(Short descriptive text snippets)
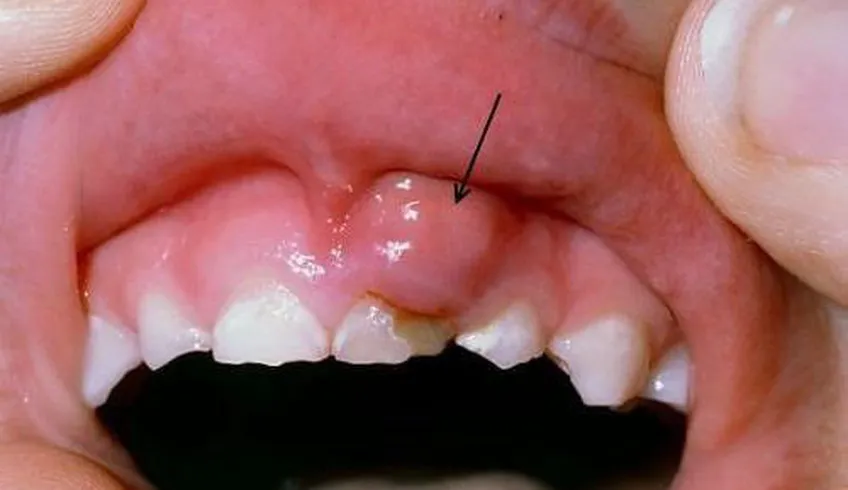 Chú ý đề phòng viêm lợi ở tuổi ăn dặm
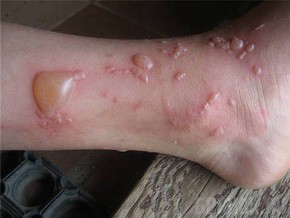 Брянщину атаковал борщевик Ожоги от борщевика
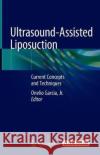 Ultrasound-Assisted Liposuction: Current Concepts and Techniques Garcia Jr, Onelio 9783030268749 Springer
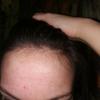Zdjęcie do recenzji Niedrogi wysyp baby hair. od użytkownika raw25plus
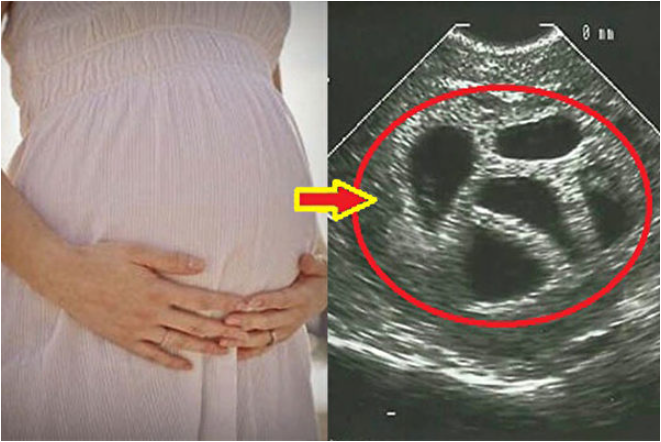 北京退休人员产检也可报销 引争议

### INSTRUCTIONS FOR THE TASK
Each record must be set down again without alteration, and no picture may be carried over.

### TASK SOLUTION
 Chú ý đề phòng viêm lợi ở tuổi ăn dặm
 Брянщину атаковал борщевик Ожоги от борщевика
 Ultrasound-Assisted Liposuction: Current Concepts and Techniques Garcia Jr, Onelio 9783030268749 Springer
Zdjęcie do recenzji Niedrogi wysyp baby hair. od użytkownika raw25plus
 北京退休人员产检也可报销 引争议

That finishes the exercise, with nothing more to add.